DATA FOR THE TASK Block Start
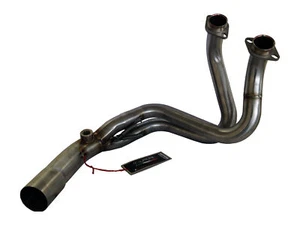 GPR exhaust headers racing satin steel Honda CB750 Hornet 2023-2024 - Foto 1 di 1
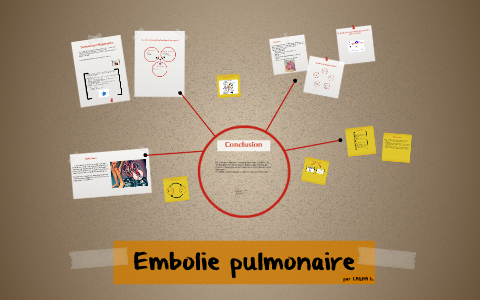 Embolie Pulmonaire by Lee Ra on Prezi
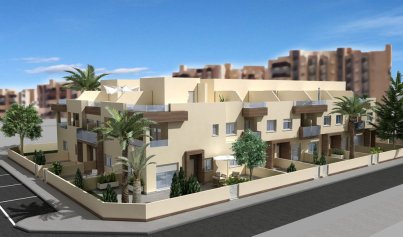 Townhouse - New Build - La Manga Del Mar Menor -
                La Manga Del Mar Menor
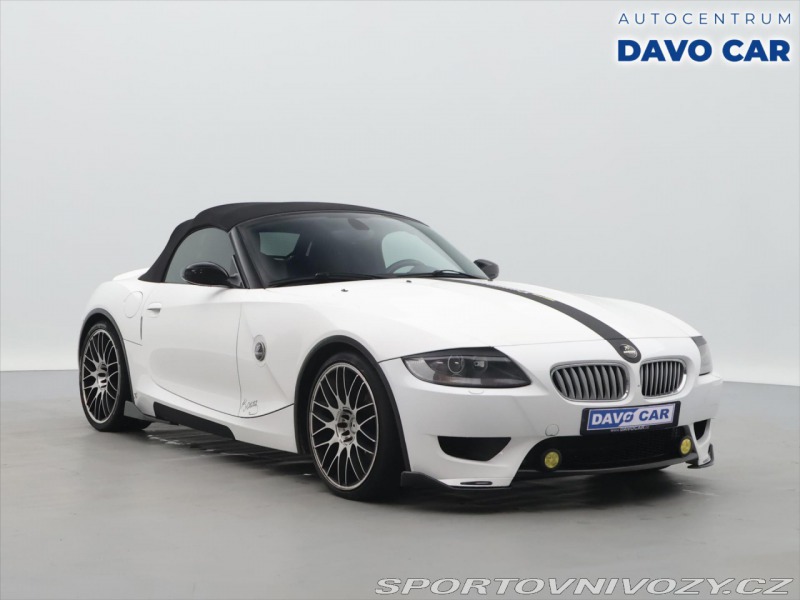 BMW Z4 3,0 i 170kW M Look M Pack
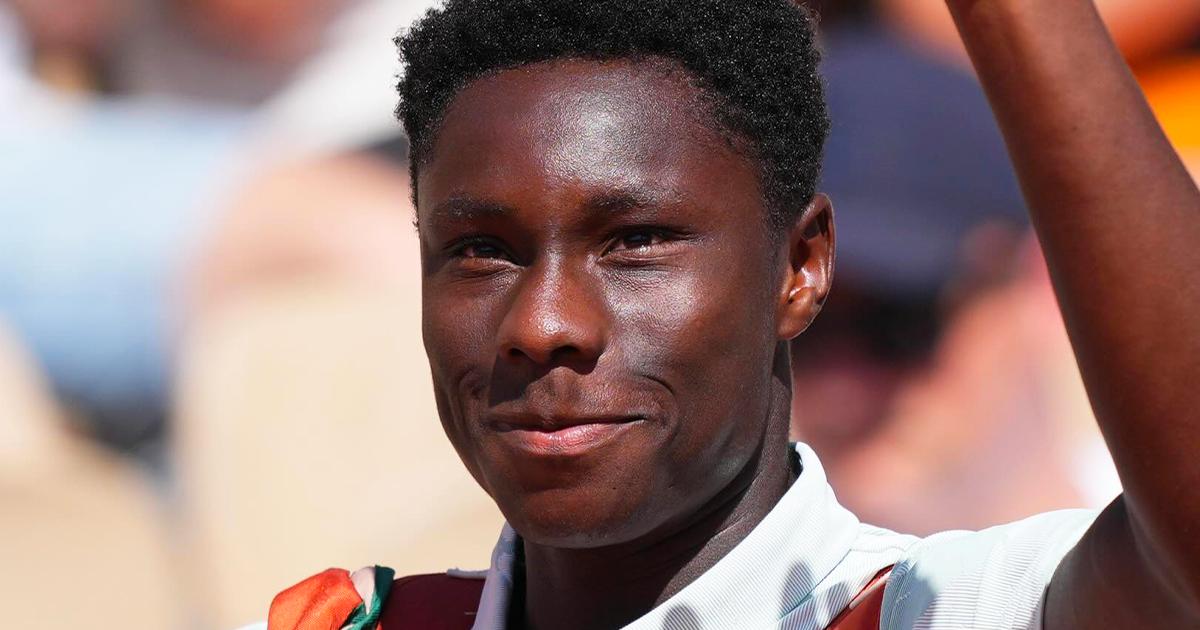 Moïse Kouame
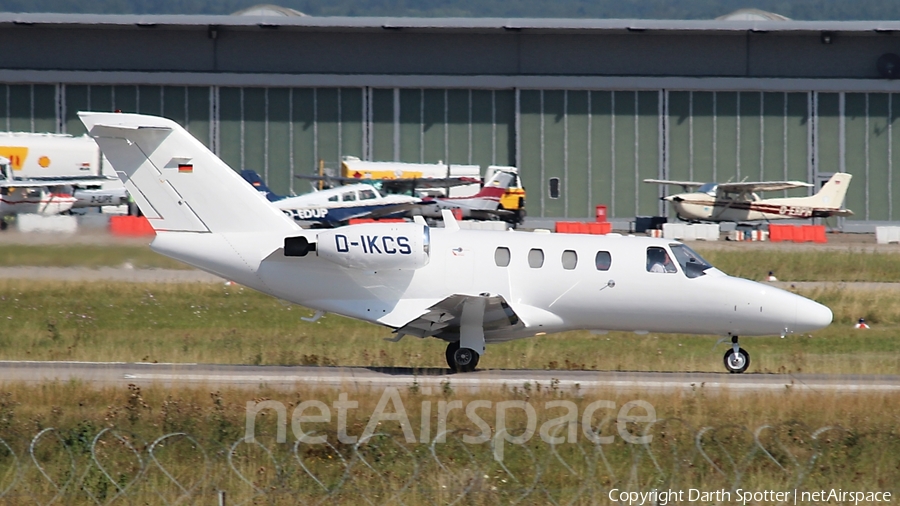 (Private) Cessna 525 Citation CJ1 (D-IKCS) | Photo 206969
DATA FOR THE TASK Block End
▶ **EXERCISE INSTRUCTIONS**: Please return the lines above exactly, with the pictures omitted.

▶ **EXERCISE RESPONSE**:
 GPR exhaust headers racing satin steel Honda CB750 Hornet 2023-2024 - Foto 1 di 1
 Embolie Pulmonaire by Lee Ra on Prezi
 Townhouse - New Build - La Manga Del Mar Menor -
                La Manga Del Mar Menor
 BMW Z4 3,0 i 170kW M Look M Pack
 Moïse Kouame
 (Private) Cessna 525 Citation CJ1 (D-IKCS) | Photo 206969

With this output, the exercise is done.